As illustrated in FIGS. 3, 5, and 8, the cylinder body 104a has a flow passage (a first cooler) 104e where a cooling liquid (refrigerant) circulates. That is, the housing case 102 has the flow passage 104e. The flow passage 104e is formed inside the wall of the cylinder body 104a to surround the motor 14. In the cylinder body 104a, through-holes H2 and H3 are formed to communicate between the flow passage 104e and the outside. The through-hole H2 couples to a cooling pipe CP1. In the state where the driving device 3 is mounted on the electric vehicle EV, the cooling pipe CP1 couples to, for example, the radiator of the electric vehicle EV. The through-hole H3 is coupled to a flow passage 104g disposed on the peripheral wall of the cylinder body 104a. The flow passage 104g extends toward the winding-wire switching/housing portion 200 in the X-axis direction.

On the outer periphery surface of the cylinder body 104a, as illustrated in FIGS. 3 to 8, a plurality of support pillars 104f is disposed. The support pillar 104f is the member for supporting the inverter housing portion 300. The support pillar 104f is positioned on the end E1 side of the motor shaft 14d on the outer periphery surface of the cylinder body 104a. The support pillar 104f extends in the direction perpendicular to the X-axis direction, and in the direction toward the inverter housing portion 300. Hereinafter, the extending direction of the support pillar 104f is referred to as the “Z-axis direction.”

On the end wall (bracket) 104c, as illustrated in FIG. 7, through-holes H4 and H5 are formed. On the end wall 104c, the through-holes H4, H1, and H5 are arranged in this order in the Z-axis direction. That is, the through-hole H1 is positioned between the through-holes H4 and H5. The through-hole H4 is positioned biased to the inverter housing portion 300 relative to the through-hole H1. The through-hole H5 is positioned on the side away from the inverter housing portion 300 relative to the through-hole H1.

As illustrated in FIGS. 3 to 8, the coupling portion 106 is disposed on the outer periphery surface of the cylinder body 104a. The coupling portion 106 is positioned on the end E2 side of the motor shaft 14d and the inverter housing portion 300 side on the outer periphery surface of the cylinder body 104a. The coupling portion 106 has a bottomed cylindrical shape, and has an opening portion (a first opening portion) 106a (see FIGS. 7 and 8), which is opened toward the outer side. That is, the opening portion 106a is opened toward a coupling portion 522 (described later). The coupling portion 106 projects to the opposite side to the end E1 relative to the end wall 104c in the X-axis direction.

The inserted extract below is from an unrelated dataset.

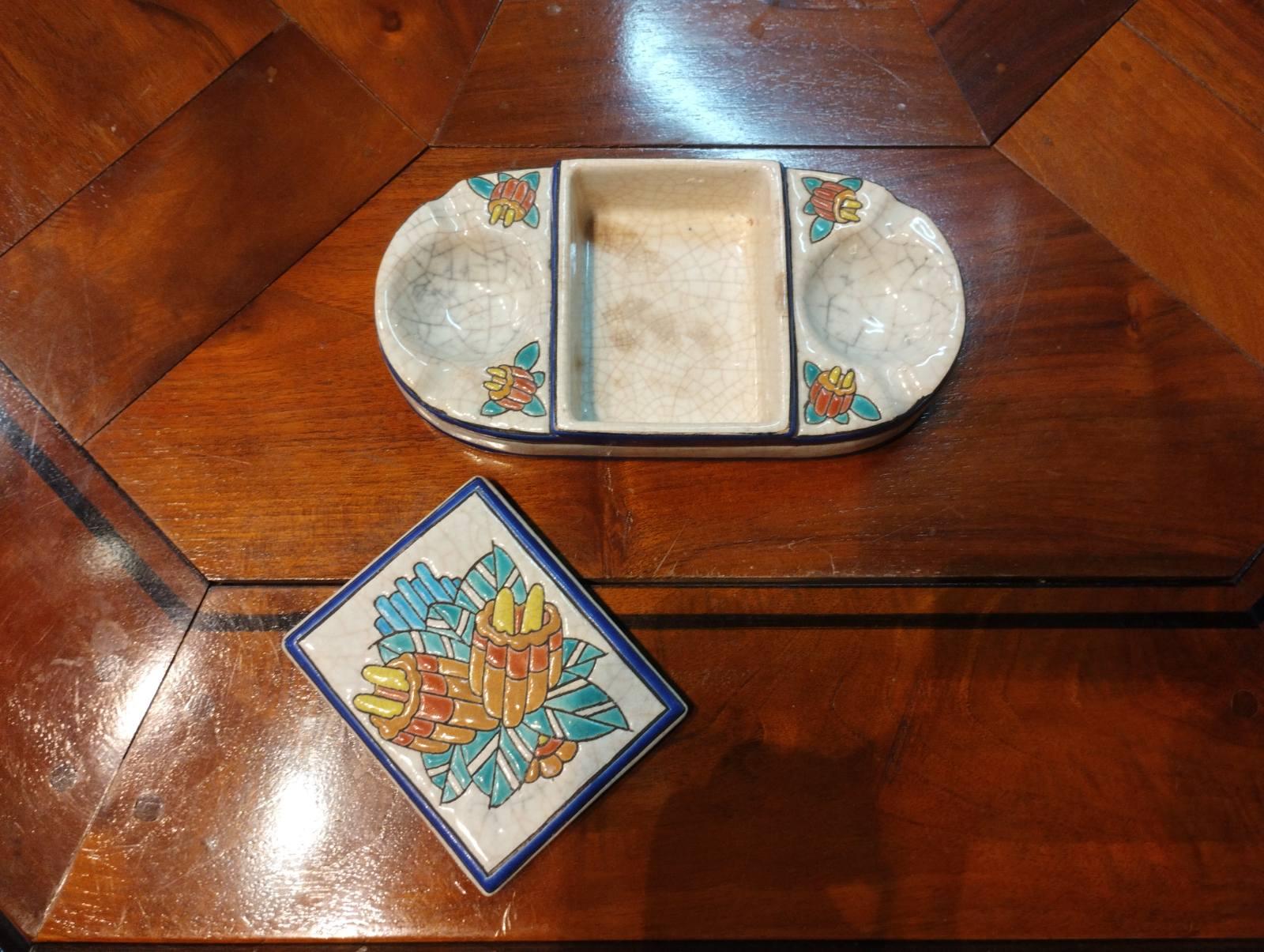 Hand-Painted 20th Century French Hand Painted Ceramic Ashtray by Longwy Stamped and Numbered For Sale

On the bottom wall of the coupling portion 106, a communicating hole H6 (see FIGS. 7 and 8), which is communicated with the inside of the main body portion 104, is formed. The communicating hole H6 allows insertion of respective one ends (not illustrated) of the winding wires corresponding to the respective phases (the U-phase, the V-phase, and the W-phase) of the winding wire 14a. These one ends of the winding wires inserted through the communicating hole H6 are drawn to the inside of the coupling portion 106.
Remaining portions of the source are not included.